Created attachment 218021 [details] Patch to fix regression in tg3 v. 3.79 Patch moved from bug 225466.
I discovered that I could use ddiskit to create tg3 drivers that I use to test in the installer environment. I had built different tg3 driver update disk images and was happy testing to isolate the problem patch when the problem seemed to change. I had moved from trying to isolate the problem on snapshot 8 to rc1. So at this point I was a little confused about what I really knew and did not knew. So I went back and retested getting the following: rhel5.1s1 - worked rhel5.1s2 - worked rhel5.1s3 - failed (and retry OK many times and it does not come up) kernel: 2.6.18-41.el tg3 patches added in this release Fix msi issue with kexec/kdump. Update version to 3.78. Add missing NVRAM strapping. Enable auto MDI. Fix the polarity bit. Fix irq_sync race condition. rhel5.1s4 rhel5.1s5 rhel5.1s6 - failed (and retry many times and it does not come up) 2.6.18-45.el5 rhel5.1s7 rhel5.1s8 - failed (and retry many times and it does not come up) 2.6.18-48.el5 tg3 patches added in this release: None! rhel5.1rc1 - works after hitting "OK" twice on the "Configure TCP/IP" screen kernel 2.6.18-52.el5 So something is rc1 caused the original problem to change, but I do not see any changes to the tg3 driver specifically. There was one bonding patch removed and 3 other non-tg3 networking driver changes were made.
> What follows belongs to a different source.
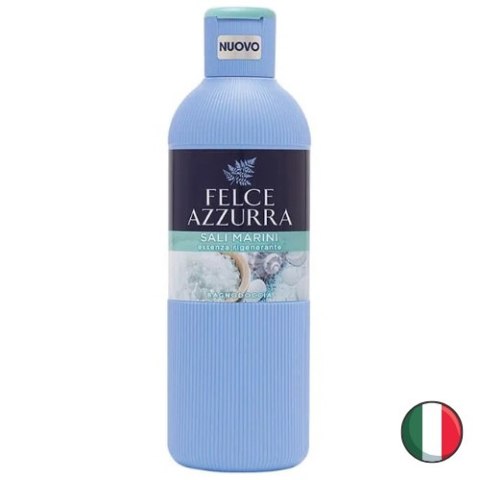 Felce Azzurra Żel pod Prysznic Sea Salts Sól Morska 650 ml (Włochy) Felce Azzurra Żel pod Prysznic Sea Salts Sól Morska 650 ml (Włochy)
So there is still a startup problem that you have to hit "OK" twice on the "Configure TCP/IP" screen to get the tg3 ports to come up: Welcome to Red Hat Enterprise Linux Server +----------------+ Configure TCP/IP +----------------+ | | | [*] Enable IPv4 support | | (*) Dynamic IP configuration (DHCP) | | ( ) Manual configuration | | | | [*] Enable IPv6 support | | (*) Automatic neighbor discovery (RFC 2461) | | ( ) Dynamic IP configuration (DHCP) | | ( ) Manual configuration | | | | +----+ +------+ | | | OK | | Back | | | +----+ +------+ | | | | | +----------------------------------------------------+ <Tab>/<Alt-Tab> between elements | <Space> selects | <F12> next screen What happened in rc1 to change this problem? What is likely causing the tg3 startup problem that causes it not to start up the first time? I will try more ifup/idfown/rmmod/modprobe testing with rc1 to see if I can learn anything more.
IIRC, there were some ananconda issues related to network configuration that were supposed to be addressed in RC1 -- I wonder if these are more at fault than the tg3 polarity fix?
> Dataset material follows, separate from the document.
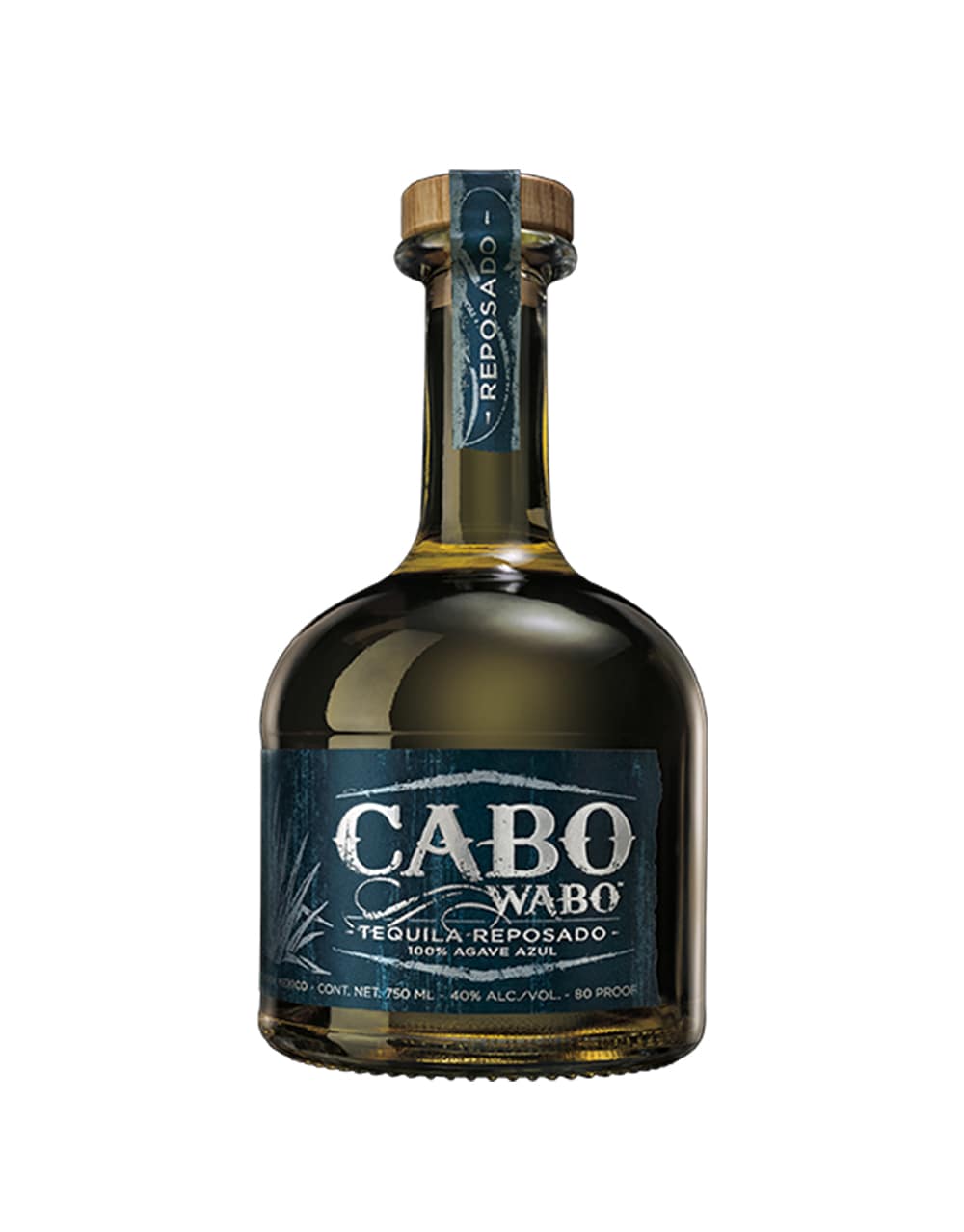 Cabo Wabo Reposado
Looks like those were already fixed (though it doesn't mean this isn't a regression). Bill, Thanks for doing all that testing! Were you testing only the kernels or the full distro? I'll add some anaconda people to this list to see if they can address the "Double <ENTER>" aspect of this issue.
Please test against RC3. bug #230525 caused many types of network installs to fail, exhibiting various bizarre behavior.
I tested with the 3.71b, 3.81c and the rhel5.1-rd1 (3.80) using driver update disks and they all behave the same. When you first hit OK on the "Configure TCP/IP" screen in Anaconda, it does the following: (a) put up this message "Sending request for IP information for eth12", (b) there is not DHCP traffic from the system going to the DHCP server, and (c) after between 1 and 1.5 seconds the anaconda comes back again to the "Configure TCP/IP" screen. The second hitting of OK does cause DHCP traffic and then Anaconda continues to ask for the Install server and directory.
Sounds like there is some confusion on the RH side here based on a conversation with Ron P. Bill tested this on "RC3" bits sent out last week. He tried both with and without a driver disk, both gave the same problem with anaconda asking for TCP/IP configuration twice. I am trying to reproduce this in the Red Hat lab now.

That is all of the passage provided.